Friday, June 17, 2011

Greek Crisis Threatens World Economy - 17th June 2011

European leaders are discussing the economic and political turmoil in Greece amid fears that the country's crippling debt problems could spiral into a global crisis.

German Chancellor Angela Merkel and French President Nicolas Sarkozy are in Berlin discussing ways to ensure Greece can avert a sovereign debt default up to 340 billion euros (£298bn).

They have called for a quick deal on a second bailout for Greece worth 340 billion euros (£106bn) and insisted the European Union must go on aiding Greece.
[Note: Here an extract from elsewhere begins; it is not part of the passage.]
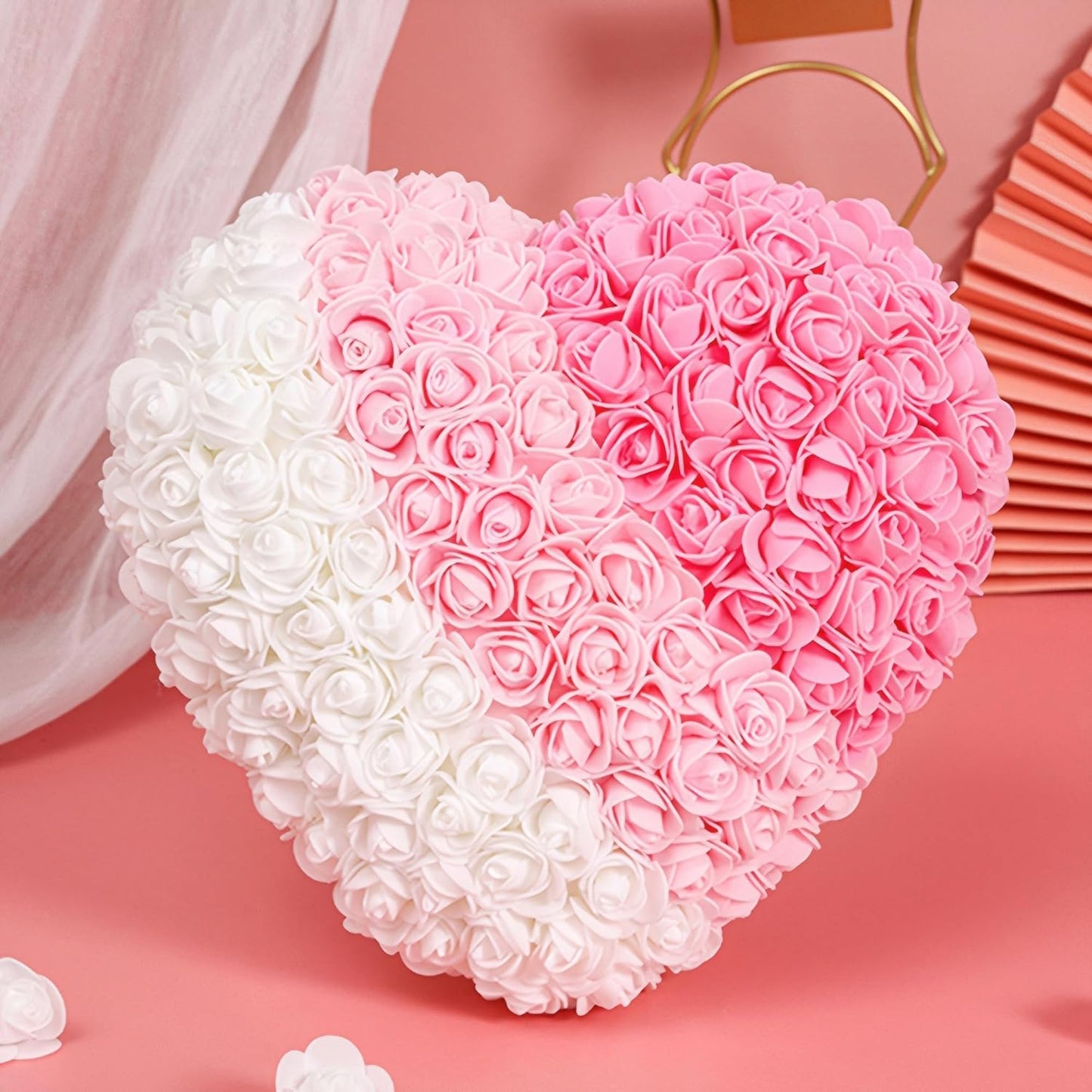 500 Pcs 1.4 Inch Mini Artificial Flowers Head Bulk 5 in 1 Set Faux Foam Fake Small Rose Tiny Baby Flores Bouquet Cake Gift Home Decoration DIY Craft (Pink)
But they gave no details about how private investors would contribute to the rescue plan - an issue that has split the eurozone and rattled financial markets.
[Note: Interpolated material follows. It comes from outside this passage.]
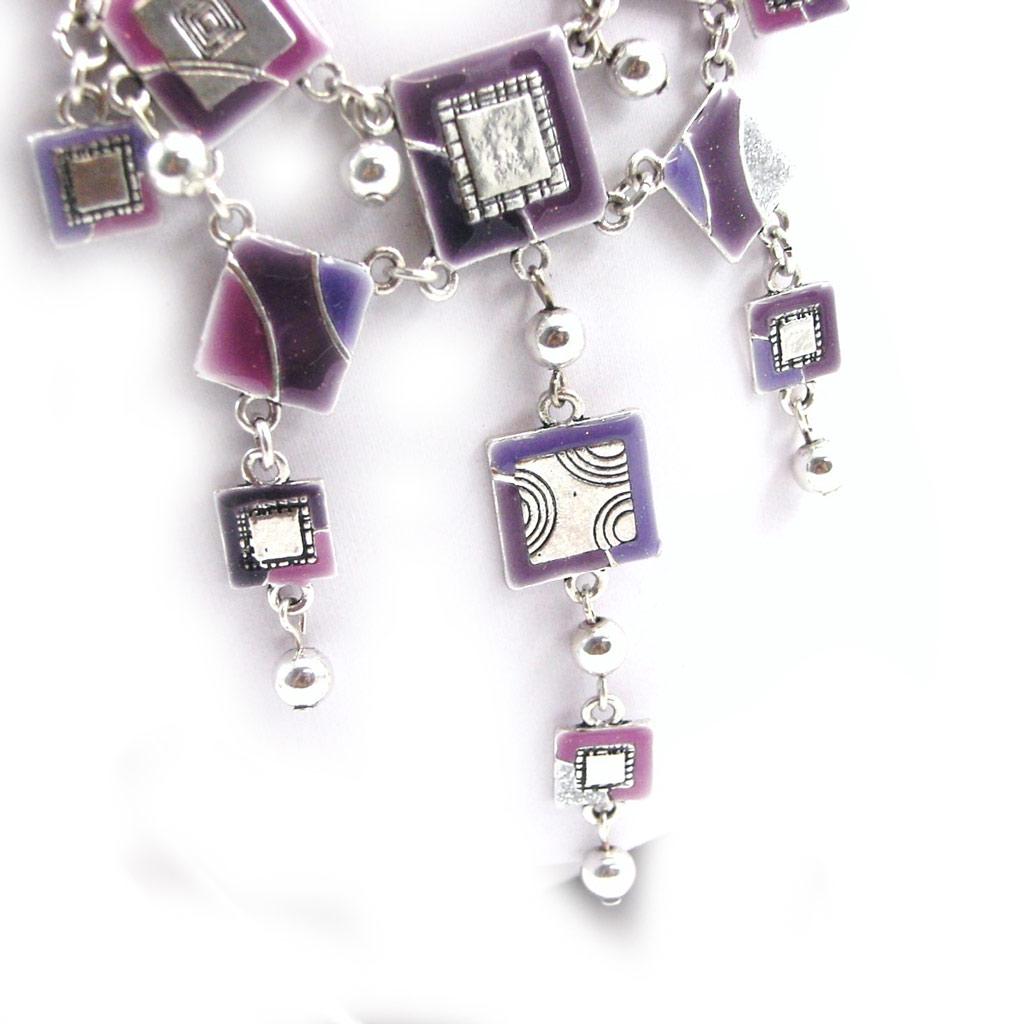 Les Trésors De Lily [G6137] - Purple 'Anamaya' Designer Necklace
Initial Greek market reaction was positive with bank shares rising by as much as 4% and the Athens stock market index up 2%.

But bond markets remain spooked by fears of a Greek default and most economists are sceptical that Greece can ever repay its debt mountain.

Meanwhile, European Council President Herman Van Rompuy is meeting Ireland's prime minister to discuss how to contain the "risk of contagion" from the Greek crisis.

Greece's Prime Minister George Papandreou is trying to push through an EU/IMF-backed five-year austerity package despite popular discontent, which has led to violent protests.

The bill must be passed by parliament this month if Greece is to continue receiving funds from its $157bn international bailout.

Athens needs its fellow eurozone members to stump up more cash to cover its financing, but there is little political and economic appeaLinkl among some European countries.